Nell’attentato kamikaze all’interno di un bar del centro di Tel Aviv muore Arièl, un ragazzo italiano trasferitosi in Israele e arruolatosi nell’esercito. I genitori, Micol e Daniel, che si sono separati tempo addietro, vengono raggiunti dalla notizia in Italia. Sono entrambi ebrei non praticanti, nonostante la madre di Micol, Stella, si sia trasferita da anni in Israele, donna di carattere e sionista convinta che ha fatto parte dei servizi segreti del paese. Quando arrivano vengono travolti dalla notizia che i resti del figlio, che era vicino al kamikaze per tentare di fermarlo, oltre che ridotti a un ammasso indefinito si sono mescolati con quelli dell’attentatore. La ricomposizione del corpo sarà lunga e penosa, ma deve essere eseguita come le leggi ebraiche impongono. Partono i primi dissapori tra Micol e Daniel: quest’ultimo imputa a Stella la colpa della morte del figlio per averlo avvicinato, fin da piccolo, all’ebraismo ortodosso e averlo attirato in Israele. E anche se Micol la pensa allo stesso modo, gli rimprovera di non essere stato un genitore presente – accusa che rivolge anche a sé stessa – e di non aver diritto di accusare la madre. Il risentimento dei due tocca l’apice quando incontrano Stella, che nonostante il dolore non sembra addossarsi alcuna responsabilità per la tragedia, affermando che Arièl era felice in quel luogo che lei ha sempre sognato dovesse diventare il paradiso in terra. Visitano l’appartamento dove viveva Arièl e da qui, a poco a poco, si dipanano scoperte che lasceranno Micol interdetta. Arièl aveva un compagno, e lei mai si era accorta di avere un figlio gay. Tariq è un palestinese, scappato dal suo paese per sfuggire ai soprusi che vengono perpetrati verso gli omosessuali. Quando Micol lo incontra capisce che il ragazzo è la chiave per scoprire i segreti e la vita di un figlio che non conosceva, per cui sente di aver fatto poco. Questo rapporto sarà fondamentale per creare altre relazioni che mai Micol avrebbe pensato di vivere, e anche per questo decide di non fare ritorno in Italia. Jibil, la madre di Tariq, Sharon, un’amica del figlio, l’incontro con la madre di una vittima dell’attentato e la convivenza con Stella le faranno inquadrare la tragedia in maniera inaspettata.
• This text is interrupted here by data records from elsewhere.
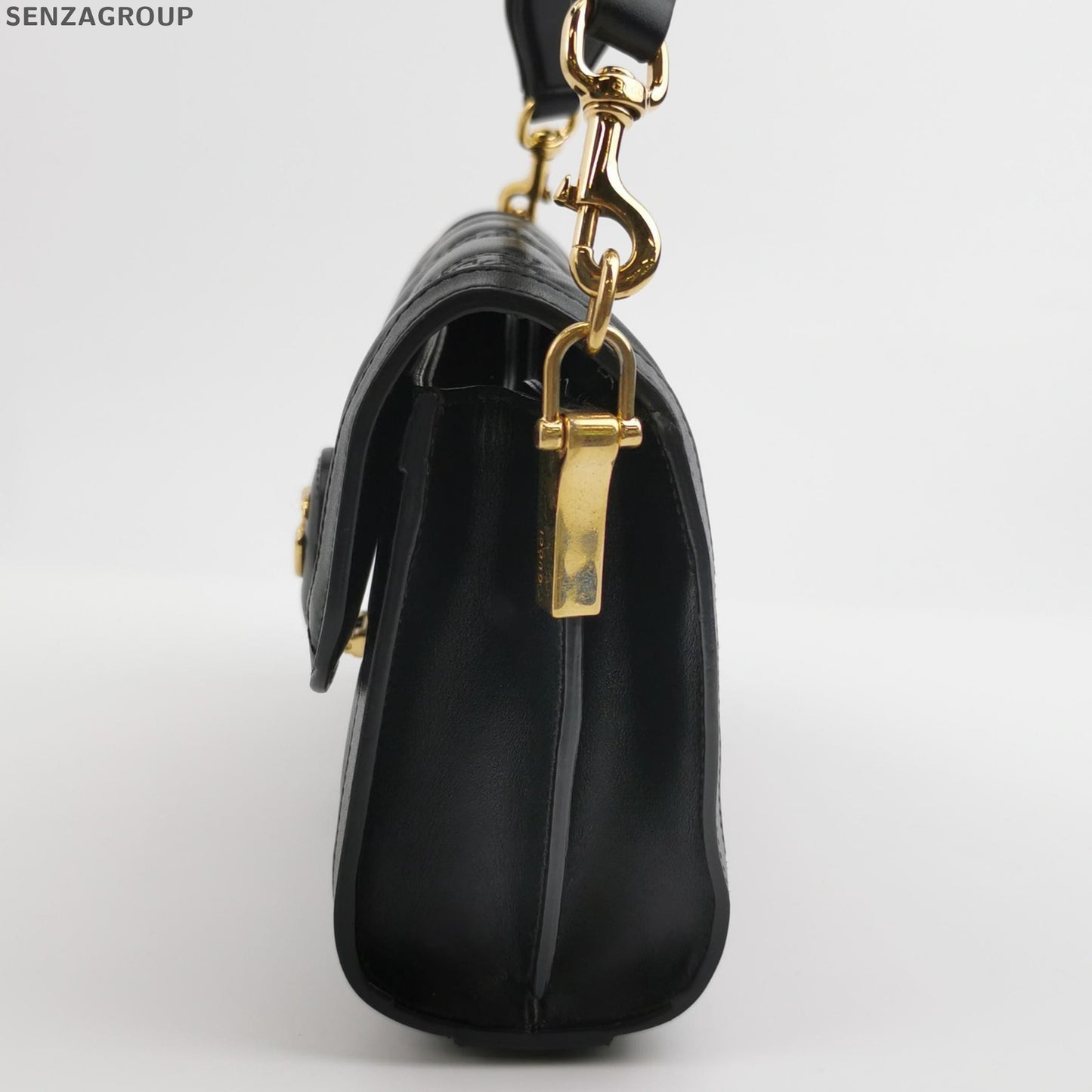 Gucci GG Matelassé Small Shoulder Crossbody Bag Black Gold Classic Women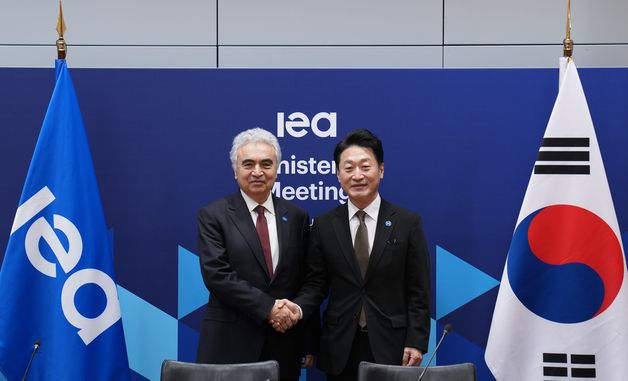 국제에너지기구 회의참석한 이호현 기후에너지환경부 2차관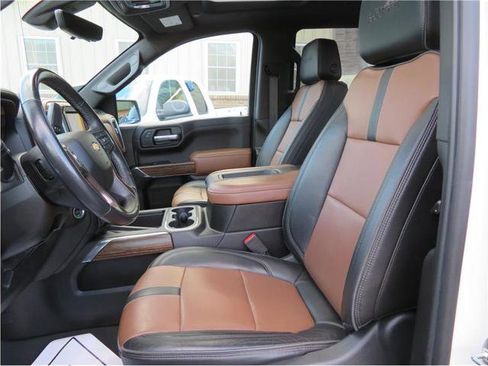 Used 2019 Chevrolet Silverado 1500 High Country w/ High Country Premium Package image 5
Un romanzo denso, ricco di colpi di scena – l’arrivo di nuovi personaggi che scardinano le false certezze a cui si era aggrappata Micol –, i sensi di colpa che attraversano i personaggi per motivi diversi, la durezza e la fermezza della madre che si sciolgono di fronte a delle verità che mai confessate rendono la narrazione fluida, un ritmo che non accusa mai pause o cambi repentini. Una storia complicata e completa, ogni personaggio ha la sua ragione d’essere nella dinamica della storia, ma narrata in maniera semplice, quella semplicità di cui sono capaci solo le penne più raffinate e colte. Cinzia Leone ci racconta, con estrema lucidità, l’amore ai tempi della guerra. Che non è mai un esercizio semplice.